With a reliance on humor and sex appeal to set the game apart from the crowd, developer Agashima created a fun handheld game that makes for a good distraction but might not keep you glued to the screen for very long.
Code of Princess
Systems: Nintendo 3DS [Reviewed]
Release: October 9, 2012
If you are at all interested in Code of Princess then I’m sure by now you’ve read other reviews comparing it to Guardian Heroes, the classic “2D side-scrolling beat ’em up and hack & slash action RPG” game (thanks Wikipedia). I’ve never played Guardian Heroes so that’s the perspective I’m bringing to the table with this not-so-timely review.
In Code of Princess you play as Solange Blanchefleur de Lux, the busty princess with the huge sword (aka the Deluxcalibur – get it?) you see on the cover of the game box, but you can play and re-play levels with various characters you meet along the way. Combat is easy to pick up, but takes some time to master and each fighter feels familiar yet different. Most combos for each character are executed the same way, but have vastly different results depending on their fighting style. Ali, the thief, is lighting fast but her attacks have very limited range, while Zozo, the necromancer, is almost totally a distance fighter that relies on magic lasers and poison spells to keep her enemies at bay.
No matter which character you decide to use, the various levels all play out the same way – walk left or right and kill every enemy on the screen in order to progress. While fighting, you can jump back and forth between multiple planes thus allowing you to dodge attacks, line enemies up for combos, or break open crates for secret items. These planes work well with the 3DS and add some stereoscopic depth to the battle field when the 3D is cranked all the way up.
The first few levels are a breeze, but as you progress through the game you quickly find out that Code of Princess is no button-masher. Those of you who play without blocking are in for a world of hurt.
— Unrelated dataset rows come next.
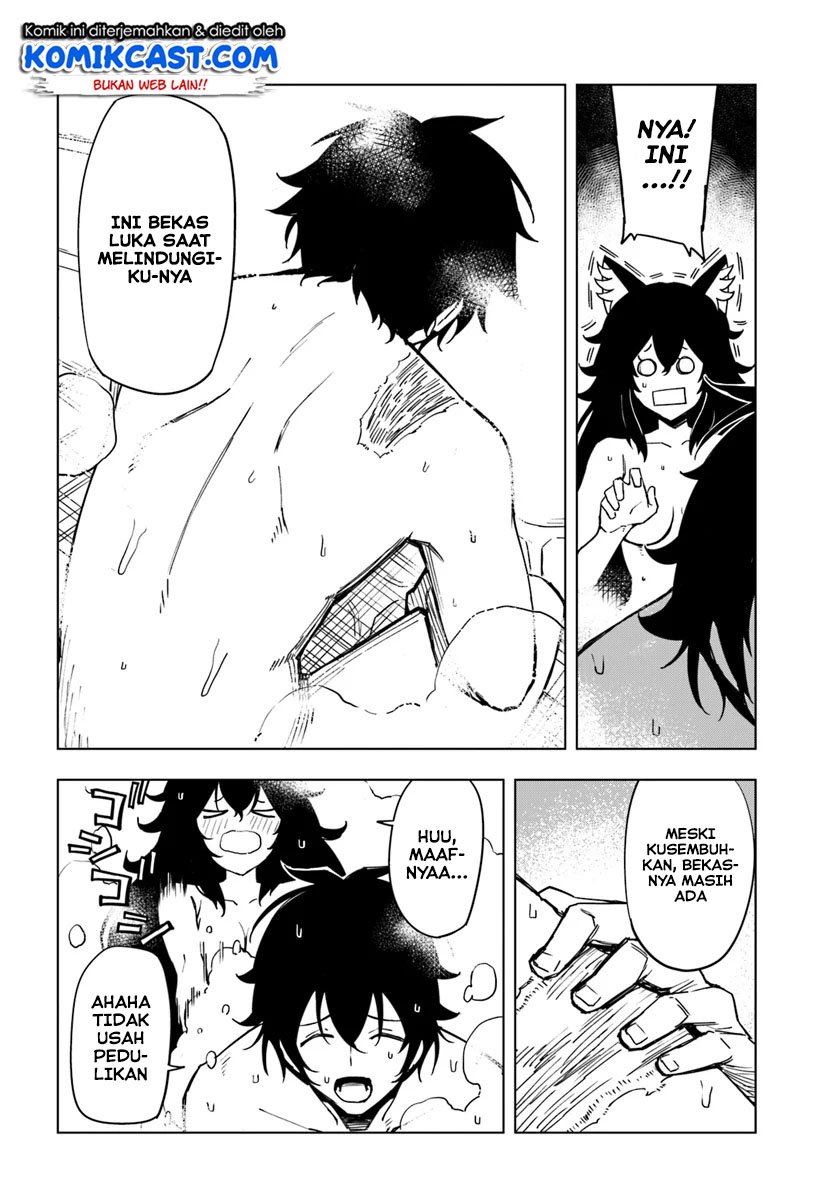 Genkai Level 1 kara no Nariagari Chapter 04 Gambar 27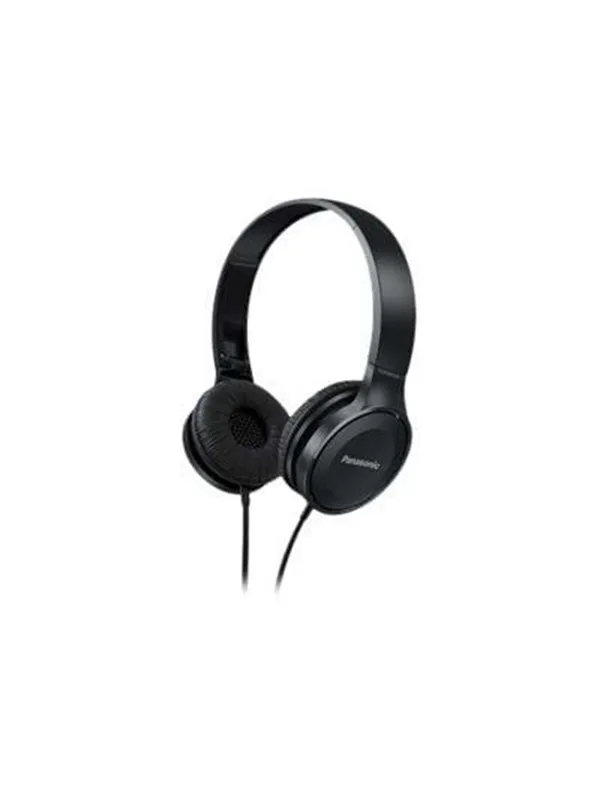 Panasonic RP-HF100ME - hovedtelefoner med mik.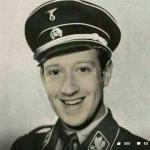Zuckerberg Nazi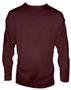 Moisture Management L/S Athletic Cut Loose Tees
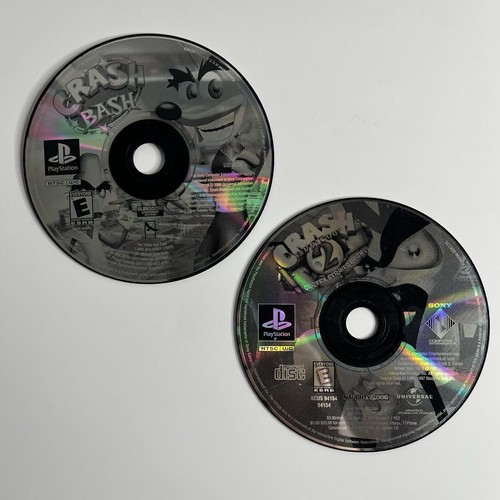 Crash bash bandicoot 2 - crash,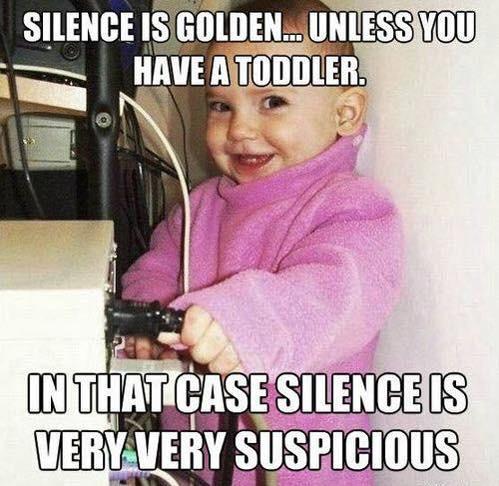 weecherubs's tweet photo. That's definitely the case in our house! 😇😈 http://t.co/ori7kbchHR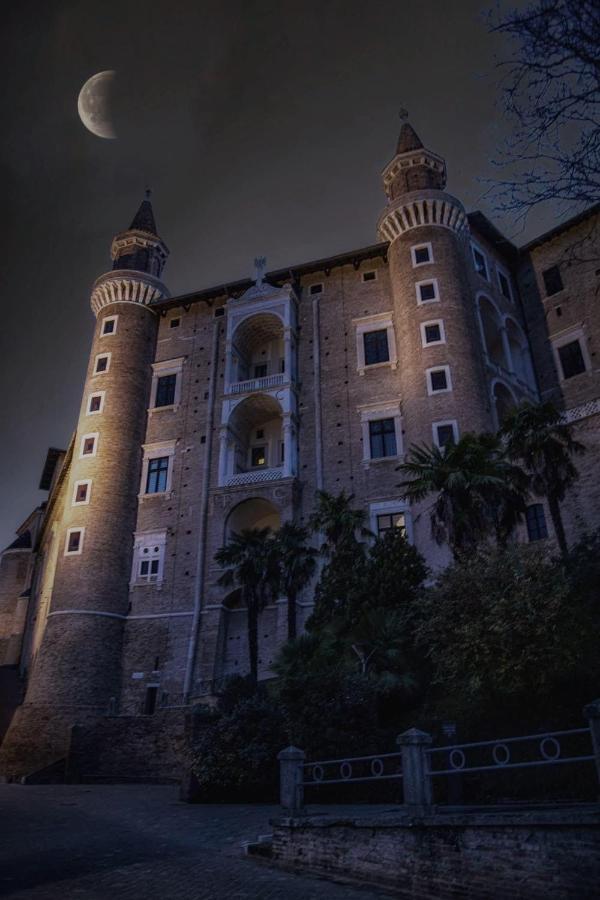 B&B Pellipario Urbino Kültér fotó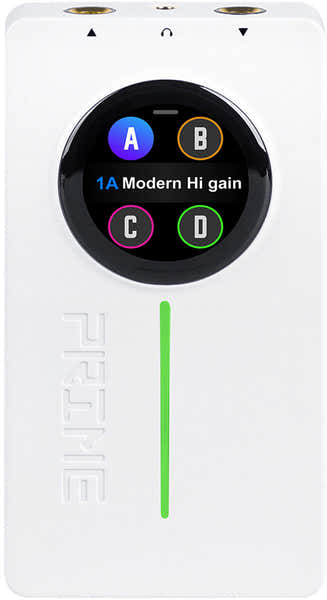 Mooer Prime P2 Interface Wit
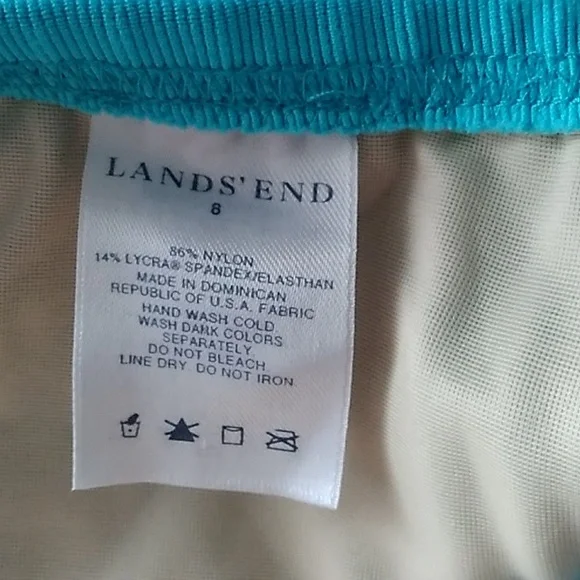 Land's End swimsuit - Picture 4 of 5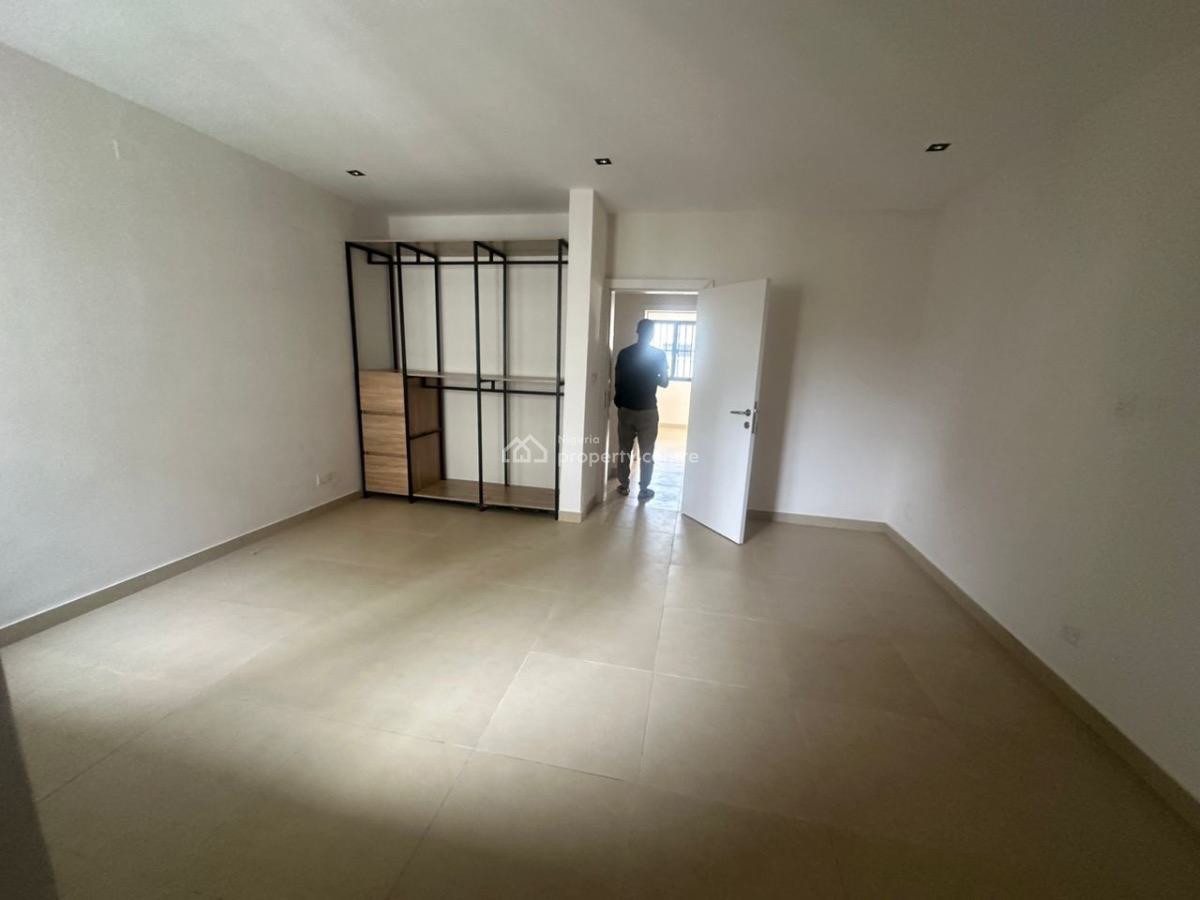 Well Renovated Self Service 3bedroom Terrace Duplex with a Bq, Oniru, Victoria Island (vi), Lagos, Terraced Duplex for Rent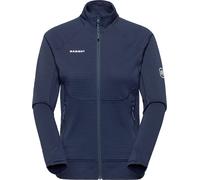 Mammut - Polaire stretch en Polartec® Power Stretch® zippée - Taiss ML Jacket Women Marine - Taille M - Navy Navy M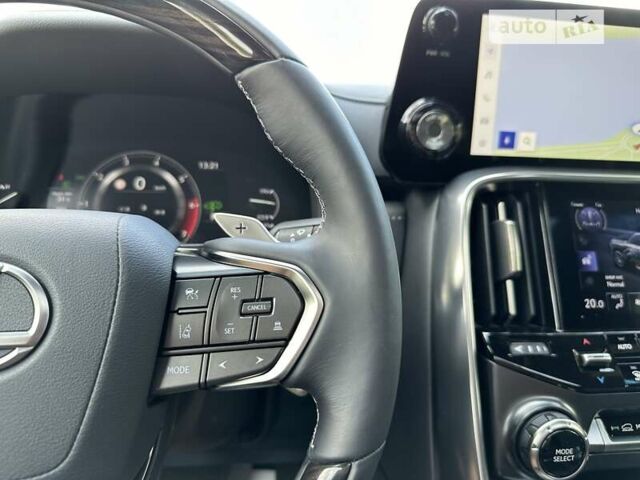 Лексус ЛХ 2022 в Киеве на Automoto.ua Белый Лексус ЛХ, объемом двигателя 3.45 л и пробегом 1 тыс. км за 124999 $, фото 132 на Automoto.ua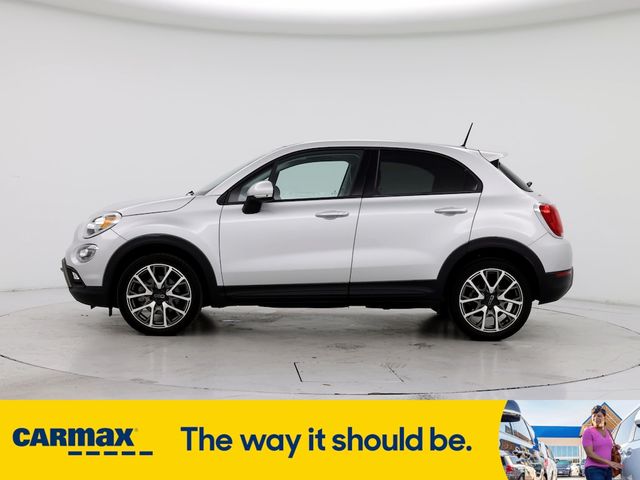 2018 FIAT 500X Trekking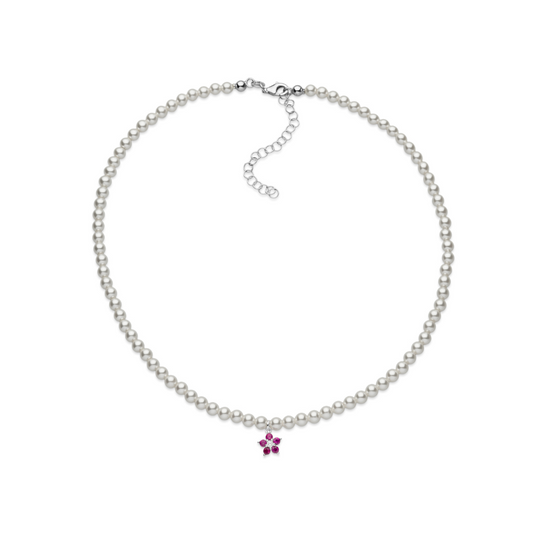 Collana Perle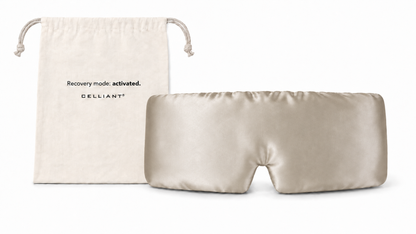Infrared Deep-Rest Silk Sleep Mask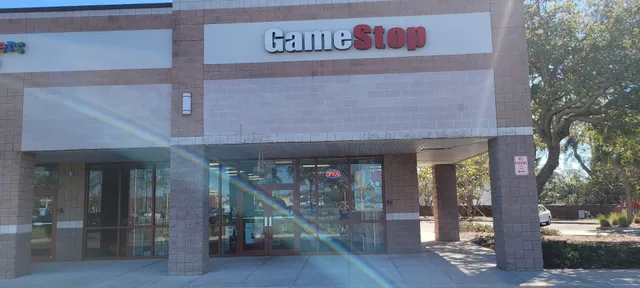 GameStop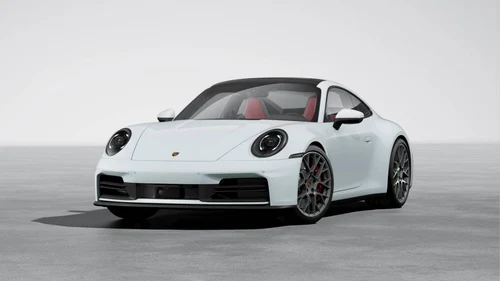 
           New 
        2026 Porsche 911 Carrera 4S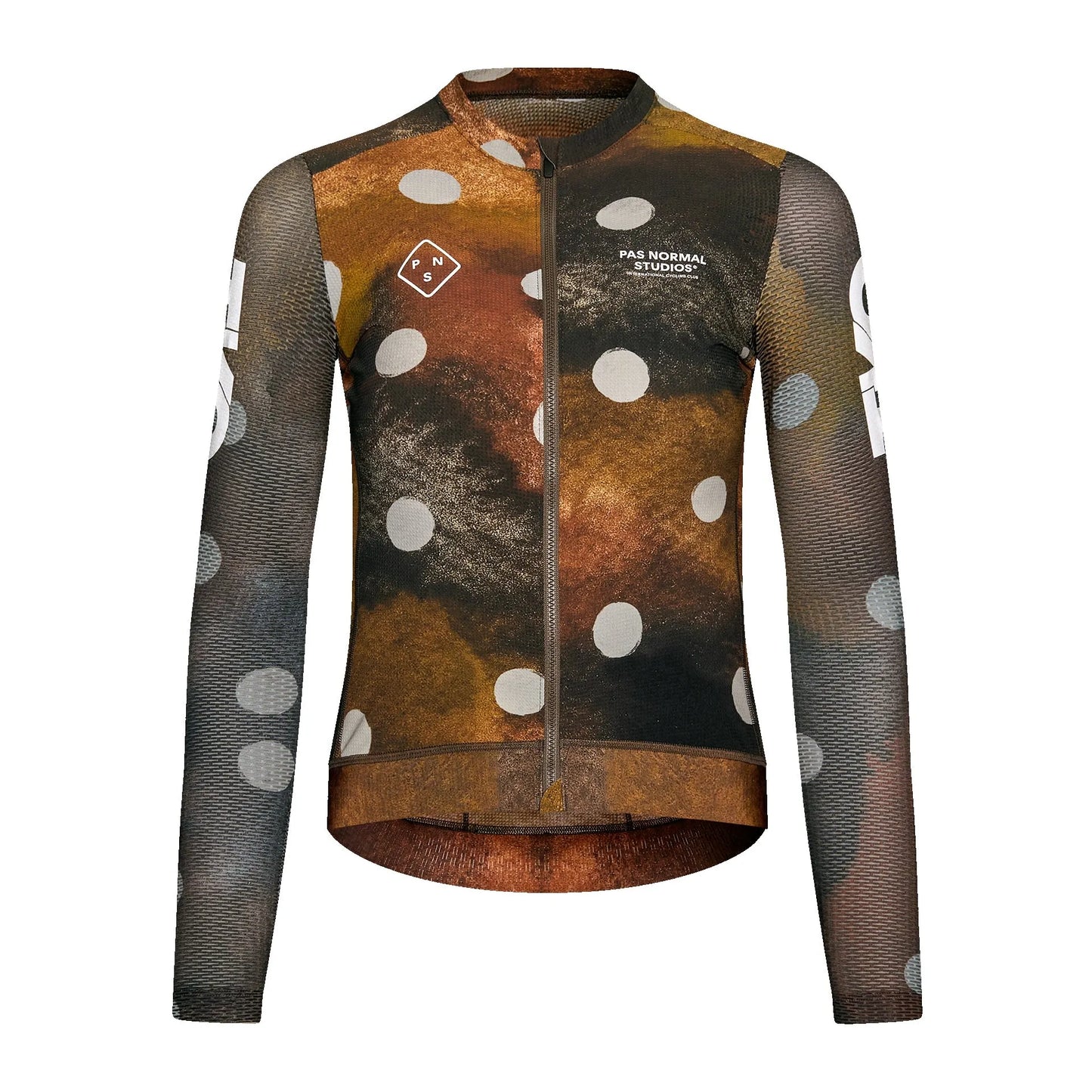PAS NORMAL STUDIOS Women's T.K.O. Essential Light Long Sleeve Jersey - T.K.O. Earth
Enemies will gang up on you and use team tactics (one freezes you while another attacks you). You will see a “game over” screen at some point.
The good news is you can go back to any level you have previously beaten and re-play it to gain more experience points to upgrade your character with. Call it grinding or call it game-time-padding, but re-playing levels for XP is absolutely necessary in Code of Princess. Each character has six stats you can upgrade – Vitality, Piety, Attack, Defense, Mind, and Speed – and it’s up to you to distribute the points where you see fit.
The one place Code of Princess really stands out is the humor and voice acting. Atlus did a phenomenal job translating the dialogue and hiring great voice actors. Almost every character has some sort of tongue-in-cheek joke or sarcastic piece of dialogue that constantly reminds the player that Code of Princess’ story is not to be taken seriously, which is good because the story itself is the least compelling aspect of the game.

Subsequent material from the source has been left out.